» Data section:
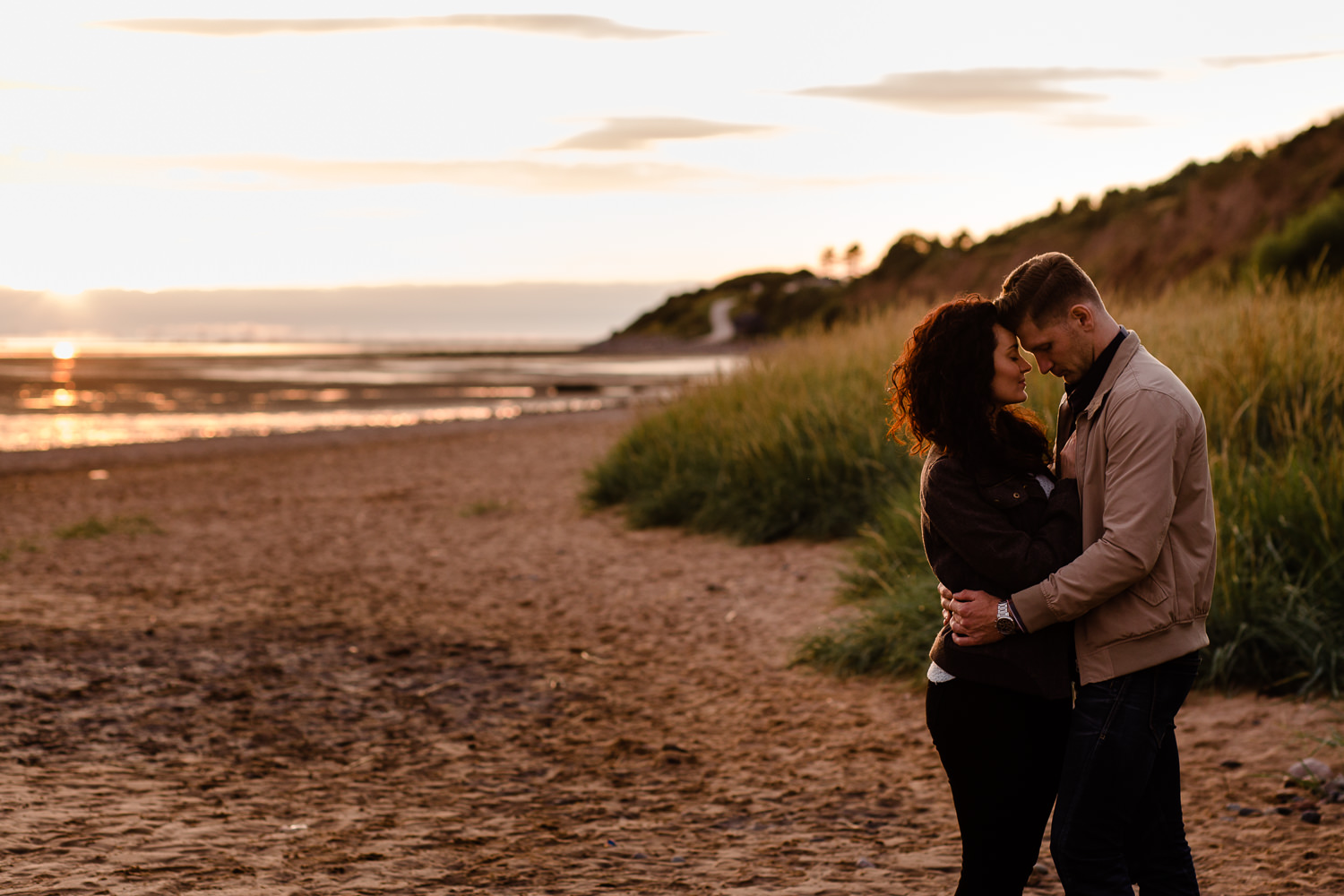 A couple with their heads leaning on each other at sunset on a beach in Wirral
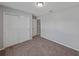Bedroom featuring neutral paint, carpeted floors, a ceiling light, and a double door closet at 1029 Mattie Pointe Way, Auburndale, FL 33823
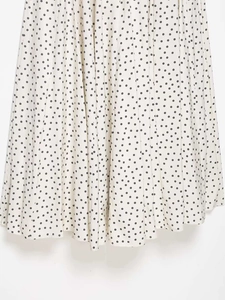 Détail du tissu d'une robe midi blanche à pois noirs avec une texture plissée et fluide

» Exercise: Reproduce the full listing above verbatim, with no pictures included.

» Response to this task:
 A couple with their heads leaning on each other at sunset on a beach in Wirral
Bedroom featuring neutral paint, carpeted floors, a ceiling light, and a double door closet at 1029 Mattie Pointe Way, Auburndale, FL 33823
 Détail du tissu d'une robe midi blanche à pois noirs avec une texture plissée et fluide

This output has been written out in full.